NOTE 1. ACCOUNTING POLICIES

 

 

Basis of Presentation

 

WGL Holdings, Inc. (WGL Holdings) is a holding company that owns all of the shares of common stock of Washington Gas Light Company (Washington Gas), a regulated natural gas utility, and all of the shares of common stock of Washington Gas Resources Corporation (Washington Gas Resources), Hampshire Gas Company (Hampshire) and Crab Run Gas Company. Washington Gas Resources owns all of the shares of common stock of four non-utility subsidiaries that include Washington Gas Energy Services, Inc. (WGEServices), Washington Gas Energy Systems, Inc. (WGESystems), Capitol Energy Ventures Corp. (CEV) and WGSW, Inc. Except where the content clearly indicates otherwise, WGL Holdings, we, us or our refers to the holding company or the consolidated entity of WGL Holdings and all of its subsidiaries. Unless otherwise noted, these notes apply equally to WGL Holdings and Washington Gas.

 

The interim consolidated financial statements have been prepared pursuant to the rules and regulations of the Securities and Exchange Commission (SEC). Therefore, certain financial information and note disclosures accompanying annual financial statements prepared in accordance with generally accepted accounting principles in the United States of America (GAAP) are omitted in this interim report. The interim consolidated financial statements and accompanying notes should be read in conjunction with the combined Annual Report on Form 10-K for WGL Holdings and Washington Gas for the fiscal year ended September 30, 2010. Due to the seasonal nature of Washington Gas' and WGEServices' businesses, the results of operations for the periods presented in this report are not necessarily indicative of actual results for the full fiscal years ending September 30, 2011 and 2010 of either WGL Holdings or Washington Gas.

 

The accompanying unaudited consolidated financial statements for WGL Holdings and Washington Gas reflect all normal recurring adjustments that are necessary, in our opinion, to present fairly the results of operations in accordance with GAAP.

 

For a complete description of our accounting policies, refer to Note 1 of the Notes to Consolidated Financial Statements of the combined Annual Report on Form 10-K for WGL Holdings and Washington Gas for the fiscal year ended September 30, 2010.

 

Accounting Standards Adopted in the Current Period

 

Receivables. In July 2010, the Financial Accounting Standards Board (FASB) issued Accounting Standards Update (ASU) 2010-20, Disclosures about the Credit Quality of Financing Receivables and the Allowance for Credit Losses (ASU 2010-20). ASU 2010-20 requires companies to provide more information in their disclosures about the credit quality of their financing receivables such as aging information and credit quality indicators, and the credit reserves held against them. Both new and existing disclosures must be disaggregated by portfolio segment or class.

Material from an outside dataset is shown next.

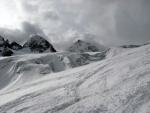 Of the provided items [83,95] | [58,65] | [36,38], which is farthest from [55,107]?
[36,38]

The disaggregation of information is based on how a company develops its allowance for credit losses and how it manages its credit exposure. ASU 2010-20 was effective for us on January 1, 2011. The adoption of this standard did not have a material effect on our consolidated financial statements.

 

Newly Issued Accounting Standards

 

Fair Value. In May 2011, the FASB issued ASU 2011-04, Fair Value Measurement (Topic 820): Amendments to Achieve Common Fair Value Measurement and Disclosure Requirements in U.S. GAAP and IFRS (ASU 2011-04). ASU 2011-04 amends Accounting Standards Codification (ASC) Topic 820 to include a consistent definition of the term “fair value” and set forth common requirements for measuring fair value and disclosing information about fair value measurements in financial statements. ASU 2011-04 will be effective for us beginning January 1, 2012. We do not expect the adoption of this standard to have a material effect on our consolidated financial statements.

 

In January 2010, the FASB issued ASU 2010-06, Improving Disclosures about Fair Value Measurements (ASU 2010-06). ASU 2010-06 amends ASC Topic 820 to require the following additional disclosures regarding fair value measurements: (i) the amounts of transfers between Level 1 and Level 2 of the fair value hierarchy; (ii) reasons for any transfers in or out of Level 3 of the fair value hierarchy and (iii) the inclusion of information about purchases, sales, issuances and settlements in the reconciliation of recurring Level 3 measurements. ASU 2010-06 also amends ASC Topic 820 to clarify existing disclosure requirements, requiring fair value disclosures by class of assets and liabilities rather than by major category and the disclosure of valuation techniques and inputs used to determine the fair value of Level 2 and Level 3 assets and liabilities. The adoption of this standard affected and will affect disclosures only. With the exception of disclosures relating to purchases, sales issuances and settlements of recurring Level 3 measurements, ASU 2010-06 was effective for us on January 1, 2010. The adoption of these requirements did not have a material impact on our financial statements. Refer to Note 10 – Fair Value Measurements for the required disclosure under this standard. The disclosure requirements related to purchases, sales, issuances and settlements of recurring Level 3 measurements will be effective for us beginning October 1, 2011. We do not expect the adoption of the remaining requirements of this standard to have a material effect on our consolidated financial statements.

 

Other. In June 2011, the FASB issued ASU 2011-05, Comprehensive Income (Topic 220): Presentation of Comprehensive Income (ASU 2011-05). ASU 2011-05 is intended to improve financial reporting by requiring companies to present items of net income in either one continuous statement, or in two separate but consecutive statements of net income and other comprehensive net income. The new guidance removes the current presentation options in ASC Topic 220. The requirements of ASU 2011-05 do not change which components of comprehensive income are recognized in net income or other comprehensive income, nor does the update change the computation of earnings per share (EPS). ASU 2011-05 will be effective for us on October 1, 2012. We do not expect the adoption of this standard to have a material effect on our financial position or results of operations.